What to work on:
All the lines below should be set down exactly, with no picture carried into the copy.

Given data:
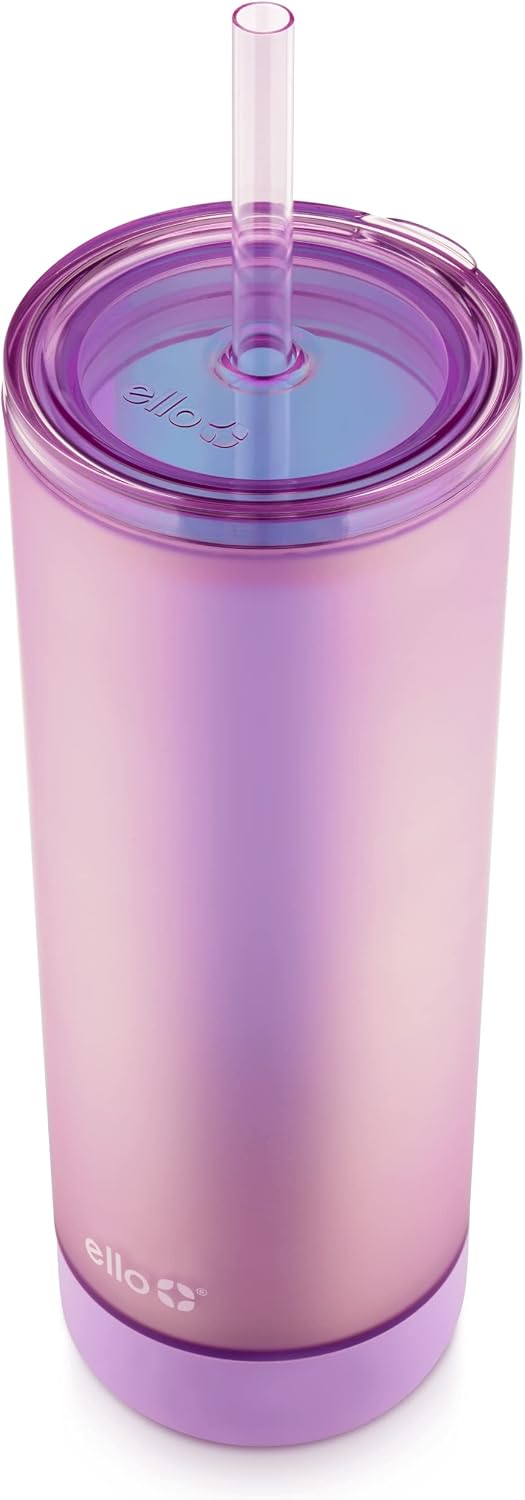 Monterey Double Walled Insulated Plastic Tumbler with Straw and Built-in Coaster, BPA Free, 24oz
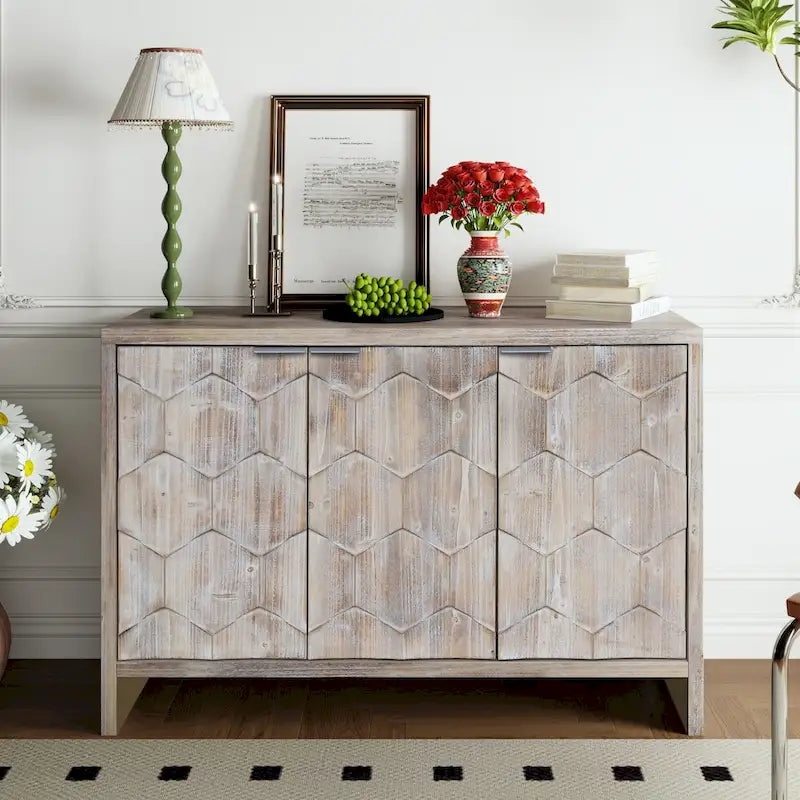 Buffet de service en bois style ferme avec portes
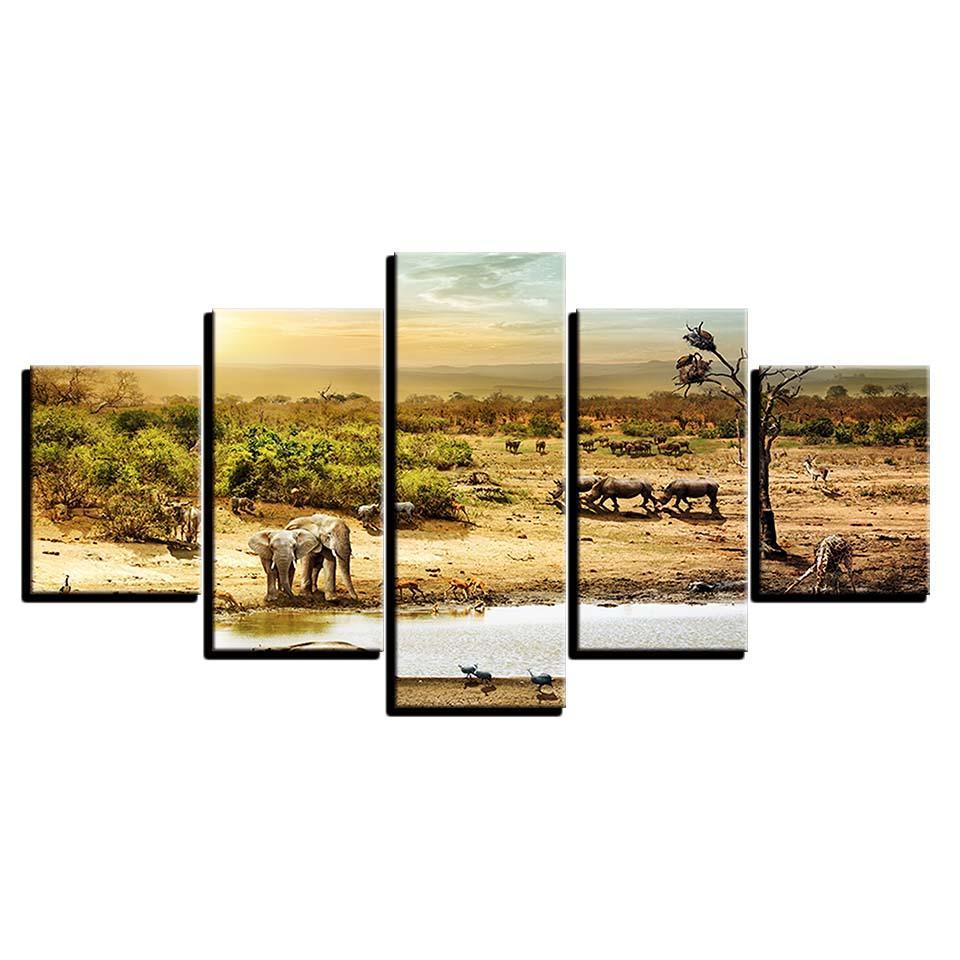 African Forest Elephants 5 Piece HD Multi Panel Canvas Wall Art Frame-Original Frame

Answer space:
 Monterey Double Walled Insulated Plastic Tumbler with Straw and Built-in Coaster, BPA Free, 24oz
 Buffet de service en bois style ferme avec portes
 African Forest Elephants 5 Piece HD Multi Panel Canvas Wall Art Frame-Original Frame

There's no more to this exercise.